There are many ways to enjoy the last days of HBO’s "Succession." One way is through the lens of luxury real estate, which is why penthouses, townhouses, compounds and castles are top-of-mind right now for ultra-wealthy people and family office members.
“Right now, top wealth wants to put their money into townhouses,” said Tyler Whitman, a power broker from The Agency in New York who specializes in such properties. “It’s for privacy and control. Many of my wealthy clients don’t want the condos, with the hundreds of neighbors and all the rules.
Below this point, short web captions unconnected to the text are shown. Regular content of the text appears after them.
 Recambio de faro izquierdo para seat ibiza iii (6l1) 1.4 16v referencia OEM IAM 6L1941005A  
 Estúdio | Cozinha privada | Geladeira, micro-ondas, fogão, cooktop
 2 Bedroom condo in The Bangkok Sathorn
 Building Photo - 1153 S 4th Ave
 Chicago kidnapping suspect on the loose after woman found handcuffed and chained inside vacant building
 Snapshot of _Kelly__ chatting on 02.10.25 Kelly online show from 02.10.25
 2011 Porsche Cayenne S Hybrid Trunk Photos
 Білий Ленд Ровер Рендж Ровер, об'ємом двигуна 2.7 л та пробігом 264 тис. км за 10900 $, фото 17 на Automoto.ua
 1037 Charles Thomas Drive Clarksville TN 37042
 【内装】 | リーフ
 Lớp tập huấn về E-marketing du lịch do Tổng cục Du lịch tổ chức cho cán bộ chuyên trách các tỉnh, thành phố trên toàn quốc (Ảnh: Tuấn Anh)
They don’t want anyone monitoring how and when they use their home.”
It should come as no surprise that, as Whitman puts it, “Really wealthy people enjoy their freedom.”
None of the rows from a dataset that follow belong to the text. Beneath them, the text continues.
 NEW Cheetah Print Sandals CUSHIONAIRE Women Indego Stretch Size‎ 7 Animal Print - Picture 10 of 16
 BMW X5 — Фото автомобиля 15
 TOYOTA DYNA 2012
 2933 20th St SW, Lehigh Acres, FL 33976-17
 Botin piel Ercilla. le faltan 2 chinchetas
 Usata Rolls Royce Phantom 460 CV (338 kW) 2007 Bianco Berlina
Are his ultra-wealthy clients simply over condos? “There are still trophy purchases in the condo world. Special New York properties with true architectural significance will always perform, but it’s hard to put a true calculated valuation on that. Those properties trade more like a piece of art would.”
As for the Hamptons, Whitman confirms that the main issue this year in its luxury market is the inventory crunch. As far as what’s in demand, Whitman said, “It’s not all about a beachfront property.” Waterfront comes with its own set of problems, he explained.
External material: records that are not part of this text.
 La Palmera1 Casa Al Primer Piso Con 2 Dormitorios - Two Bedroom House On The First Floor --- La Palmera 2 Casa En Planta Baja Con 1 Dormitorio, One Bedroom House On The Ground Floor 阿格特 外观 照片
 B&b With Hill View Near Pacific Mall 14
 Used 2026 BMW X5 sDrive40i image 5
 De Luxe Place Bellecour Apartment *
“It’s always going to fetch a huge price point, sure,” Whitman said. “But what we’re seeing are people gravitating to bigger pieces of land a few minutes away from the beach, with vast and beautiful landscaping. If it’s a compound, all the better. If there are guest houses on the property, that’s ideal. With the extra space and land, you can get nonbeach properties — for, say, $60 million and over, we see homes that can entertain hundreds of people, which matters to certain people out East.”
When it comes to aesthetics, the trend toward modern farmhouses has faded, he said. “More and more of my clients are like, ‘If I see another modern farmhouse, I’m going to be sick.’ ”
Whitman’s wealthiest clients are also buying property in Florida and Texas. “But you know what trend I’m really seeing? Montana. They’re buying gorgeous mountain homes that are truly private and remote.”
A WEALTH OF ‘WELLNESS’
Hilary Farnum-Fasth owns Corcoran Reverie, a high-end real estate brokerage and an affiliate of Corcoran Group LLC that specializes in luxury properties in Florida and Nashville. “When you step into the luxury space down here right now, in 2023, the sky’s the limit,” Farnum-Fasth said. “We are seeing simulator rooms to elevate your golf swing, to the ultimate in man caves — where your entire garage is built around exotic cars; his-and-her bathrooms to complement oversized private closets; and elaborate game rooms that include virtual reality, pool and throwback arcade games.”
Any popular outdoor design for the houses being sold top-dollar or custom-built likely must include pickleball and sand volleyball courts, putting greens, private rooftop pools and obviously a primary pool. Don’t forget, she said, “wellness-based features for the home, like saunas, elaborate home gyms and cold plunge tubs – those are all the rage!”
In Florida and Nashville, the luxury real estate market is thriving. An analysis of U.S. Census data by the Inspection Support Network shows that Nashville has been the fifth-fastest-growing large metro area in the country in the past five years. “The most luxurious properties in northwest Florida are the ones that fuse indoor and outdoor living,” she said. “This means that you may not have a huge interior footprint but may have twice as much deck and exterior living space, making it perfect for embracing the Florida lifestyle.” Think infinity pools and, once again, the essential pickleball court.
While the real estate boom has slowed in much of the country, high-end Nashville real estate is booming. “In Nashville, location is huge,” Farnum-Fasth said. “Being close to the right lifestyle matters, whether that includes proximity to private or public schools, parks, or best dining and shopping.”
In Nashville, a move-in-ready home is crucial, “whether they are seeking an estate for acreage, historical detail, a renovated home with a modern professional kitchen and an infinity pool, or a subdivision with luxurious amenities like a luscious community garden,” she said.
What advice would Farnum-Fasth give an ultra-wealthy client with the world at his or her fingertips? “I would tell them to buy land and develop it,” she said, adding that although it takes considerable work, time and effort, there is plenty of upside to dramatically increasing the value of the property.
“The reality is most people don’t have the ability or desire to wait multiple years to bring a piece of property to life,” she said. “But for those who do, there’s a strong financial reward there in the end."